__TASK INSTRUCTIONS__:
The answer consists solely of the lines running from the one with "a bedroom with" through the final line below, transcribed exactly and without any pictures.

__MATERIAL TO PROCESS__:
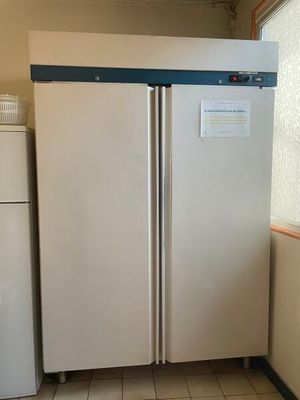 two refrigerators that are in a kitchen near a window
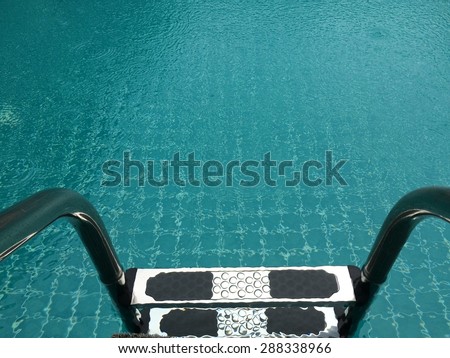 Swimming pool with stair at home close up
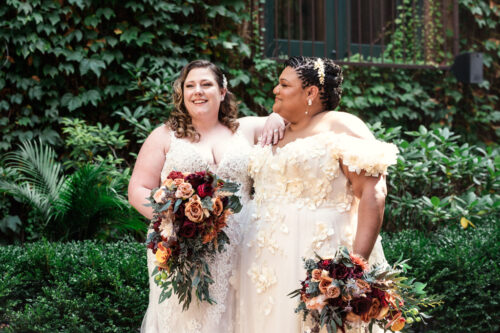 Two brides in white dresses, holding bouquets, standing together in the courtyard at Ivy Room Chicago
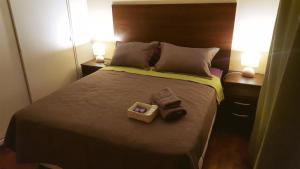 a bedroom with a bed with two towels and two lamps at Departamento Temporario Céntrico Mendoza in Mendoza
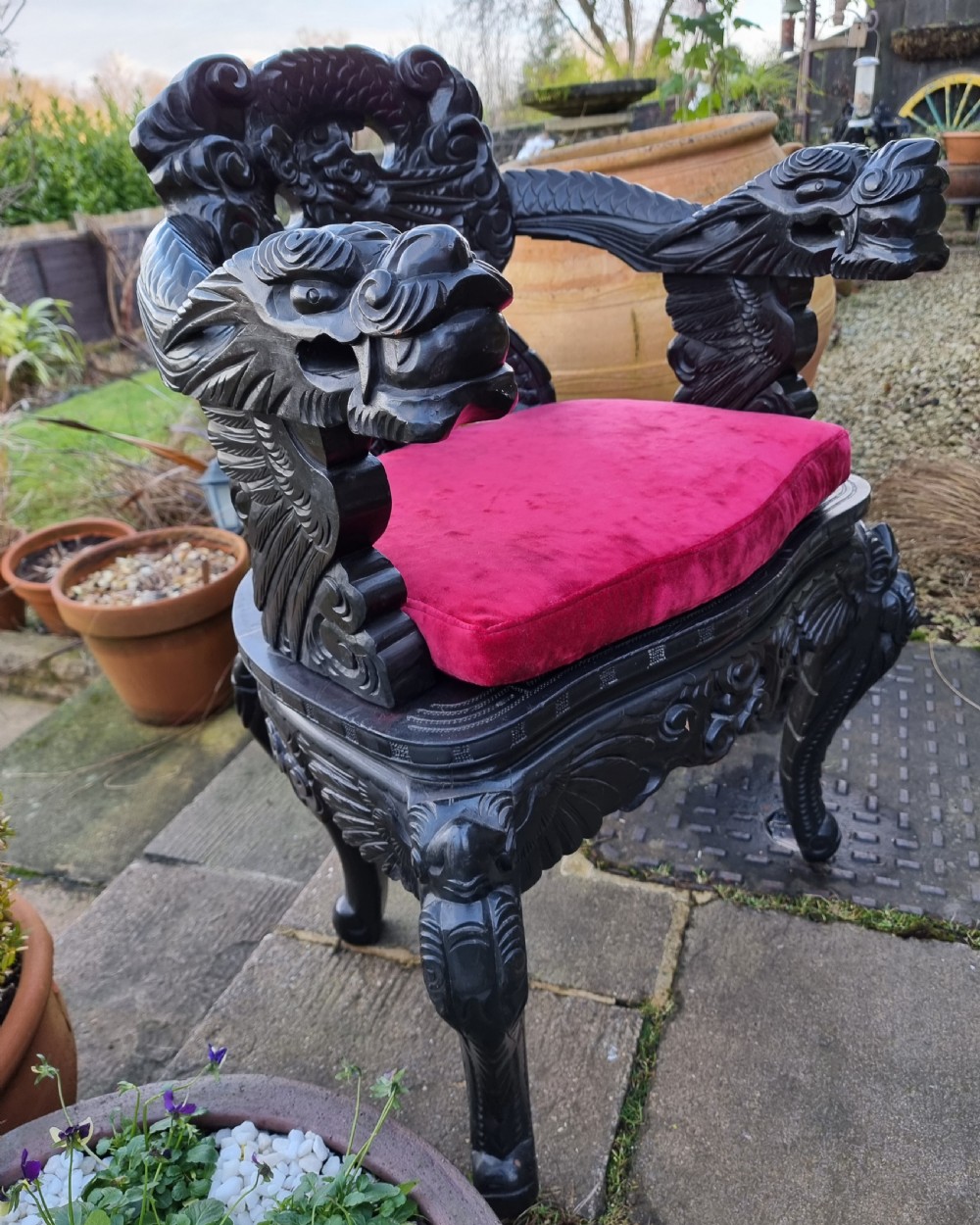 A dark carved hardwood armchair featuring carved dragon head armrests, an openwork backrest, cabriole legs, and a red velvet seat cushion. View IV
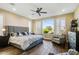 Main bedroom with large windows, mountain views, and sitting area at 17676 E Woolsey Way, Rio Verde, AZ 85263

__RESULT OF THE TASK__:
 a bedroom with a bed with two towels and two lamps at Departamento Temporario Céntrico Mendoza in Mendoza
 A dark carved hardwood armchair featuring carved dragon head armrests, an openwork backrest, cabriole legs, and a red velvet seat cushion. View IV
 Main bedroom with large windows, mountain views, and sitting area at 17676 E Woolsey Way, Rio Verde, AZ 85263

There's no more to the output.